*WORK INSTRUCTIONS*: Among the lines below, a stretch begins at the one with "Traueranzeige für Dieter" and ends at the one with "Play Planet - Wholesale". Repeat that stretch exactly, ends included.

*DATA TO PROCESS*:
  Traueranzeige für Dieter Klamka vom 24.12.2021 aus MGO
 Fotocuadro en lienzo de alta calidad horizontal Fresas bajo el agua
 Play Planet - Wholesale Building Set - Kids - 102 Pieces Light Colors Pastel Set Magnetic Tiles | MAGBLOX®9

...

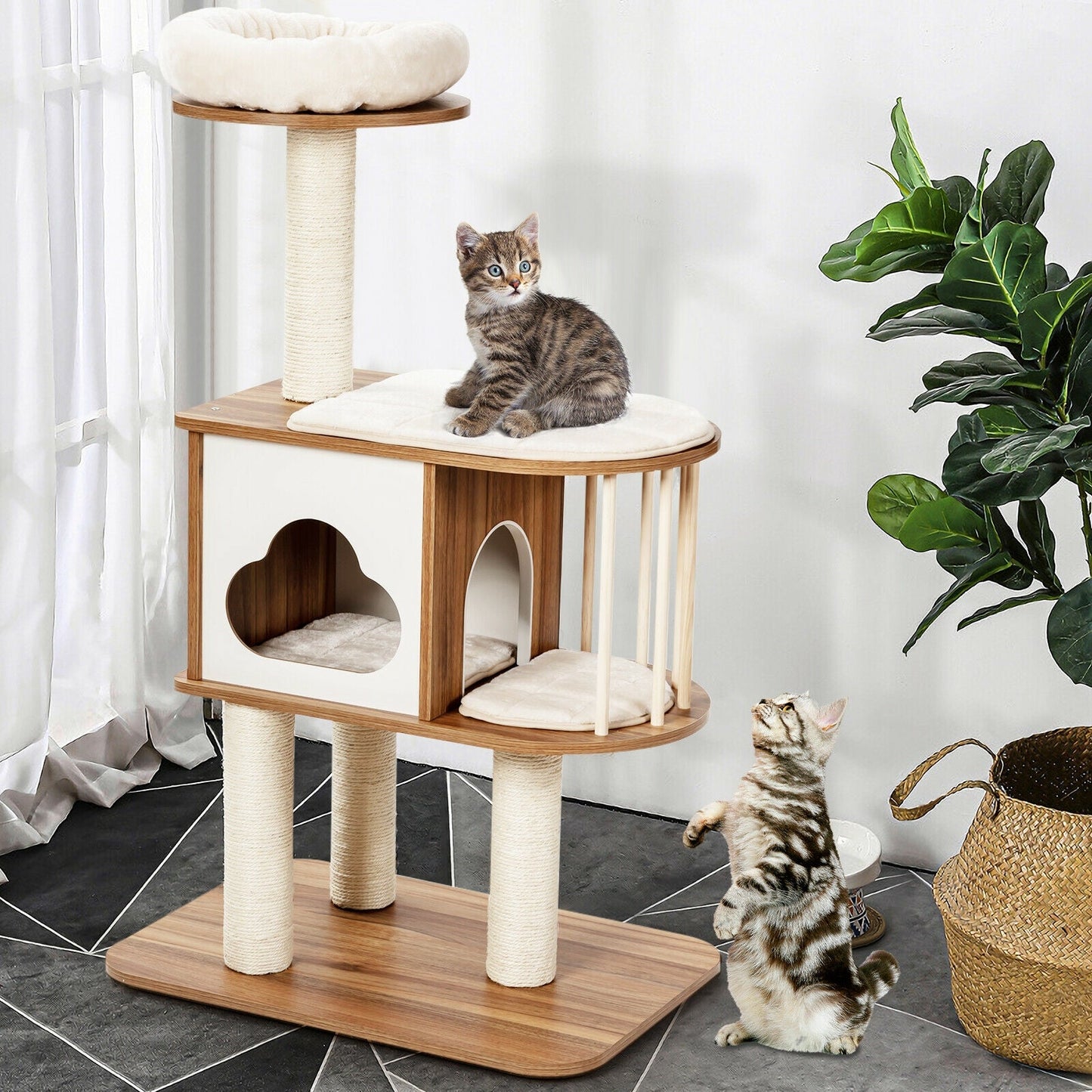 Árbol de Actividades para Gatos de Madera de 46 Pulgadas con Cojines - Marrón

...

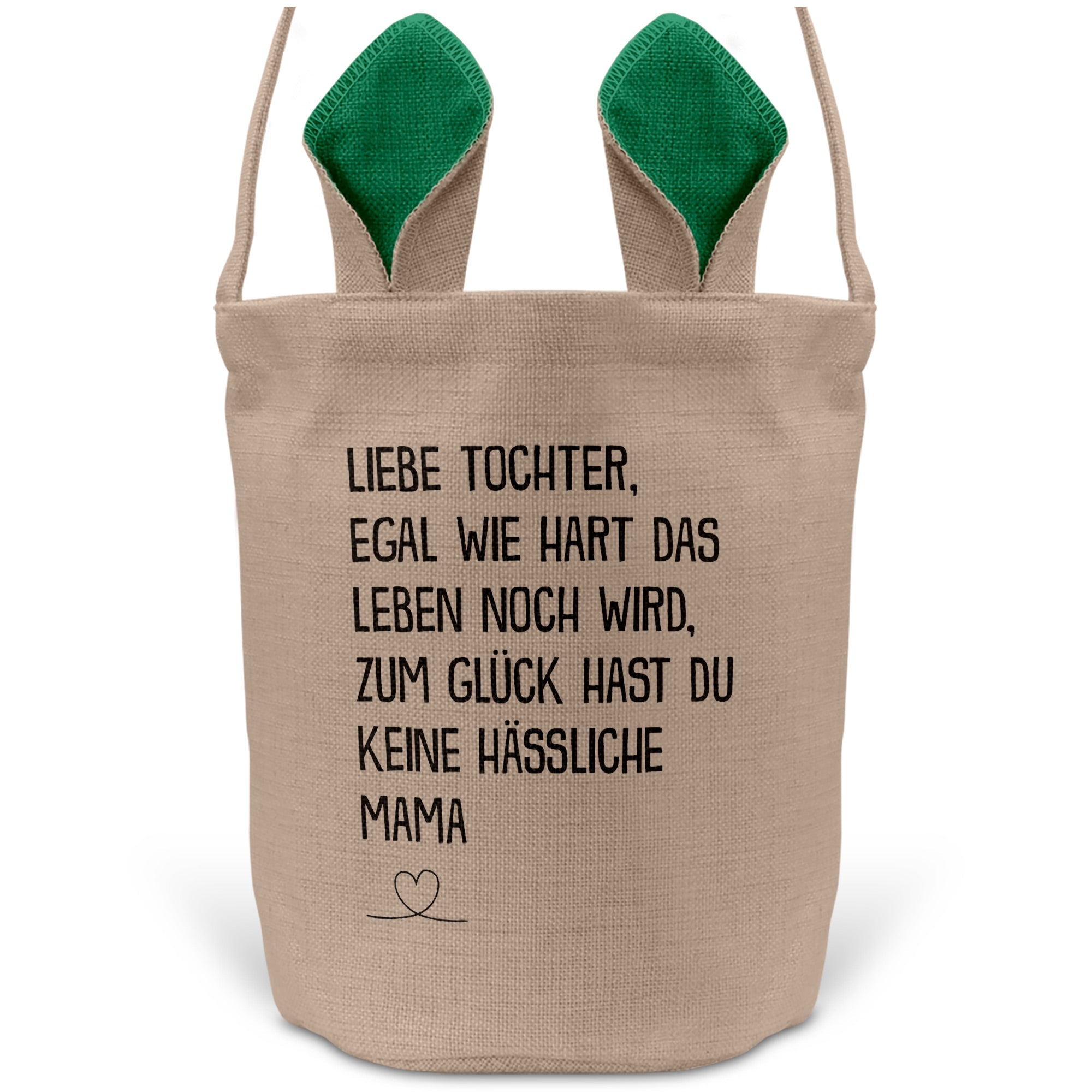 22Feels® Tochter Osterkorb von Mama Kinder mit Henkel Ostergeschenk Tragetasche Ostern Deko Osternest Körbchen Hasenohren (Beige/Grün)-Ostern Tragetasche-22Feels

*TASK RESPONSE*:
  Traueranzeige für Dieter Klamka vom 24.12.2021 aus MGO
 Fotocuadro en lienzo de alta calidad horizontal Fresas bajo el agua
 Play Planet - Wholesale Building Set - Kids - 102 Pieces Light Colors Pastel Set Magnetic Tiles | MAGBLOX®9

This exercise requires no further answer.